Instructions to follow:
Pick out each line below containing "Photo".

Short text fragments from websites:
########
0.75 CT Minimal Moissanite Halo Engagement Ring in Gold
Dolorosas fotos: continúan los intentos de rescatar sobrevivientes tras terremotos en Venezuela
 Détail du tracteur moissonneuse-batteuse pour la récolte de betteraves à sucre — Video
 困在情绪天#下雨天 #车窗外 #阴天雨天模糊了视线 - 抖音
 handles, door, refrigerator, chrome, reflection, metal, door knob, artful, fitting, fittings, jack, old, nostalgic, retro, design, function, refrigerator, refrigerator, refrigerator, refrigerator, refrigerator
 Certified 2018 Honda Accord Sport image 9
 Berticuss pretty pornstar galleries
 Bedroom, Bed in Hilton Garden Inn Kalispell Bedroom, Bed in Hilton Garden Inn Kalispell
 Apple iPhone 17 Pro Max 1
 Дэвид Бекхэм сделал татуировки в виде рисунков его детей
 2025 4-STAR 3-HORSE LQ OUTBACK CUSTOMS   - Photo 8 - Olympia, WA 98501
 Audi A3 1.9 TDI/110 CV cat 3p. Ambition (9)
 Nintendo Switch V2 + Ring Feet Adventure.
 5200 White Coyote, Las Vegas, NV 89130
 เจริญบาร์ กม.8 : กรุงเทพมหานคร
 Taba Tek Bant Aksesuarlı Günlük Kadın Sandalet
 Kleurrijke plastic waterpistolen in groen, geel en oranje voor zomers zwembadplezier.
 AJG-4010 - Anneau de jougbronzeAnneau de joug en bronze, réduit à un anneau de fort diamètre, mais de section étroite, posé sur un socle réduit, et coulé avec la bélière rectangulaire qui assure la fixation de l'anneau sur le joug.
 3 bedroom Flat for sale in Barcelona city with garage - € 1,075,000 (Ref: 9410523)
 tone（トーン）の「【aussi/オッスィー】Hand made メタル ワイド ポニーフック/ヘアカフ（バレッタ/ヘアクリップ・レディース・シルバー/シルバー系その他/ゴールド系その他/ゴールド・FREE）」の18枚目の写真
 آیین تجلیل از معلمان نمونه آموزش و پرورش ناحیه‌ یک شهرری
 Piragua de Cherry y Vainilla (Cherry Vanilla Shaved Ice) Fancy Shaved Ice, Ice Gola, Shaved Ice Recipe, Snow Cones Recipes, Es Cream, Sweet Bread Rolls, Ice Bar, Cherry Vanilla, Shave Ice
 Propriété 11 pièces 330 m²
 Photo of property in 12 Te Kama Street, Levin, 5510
########
Answer section:
 2025 4-STAR 3-HORSE LQ OUTBACK CUSTOMS   - Photo 8 - Olympia, WA 98501
 Photo of property in 12 Te Kama Street, Levin, 5510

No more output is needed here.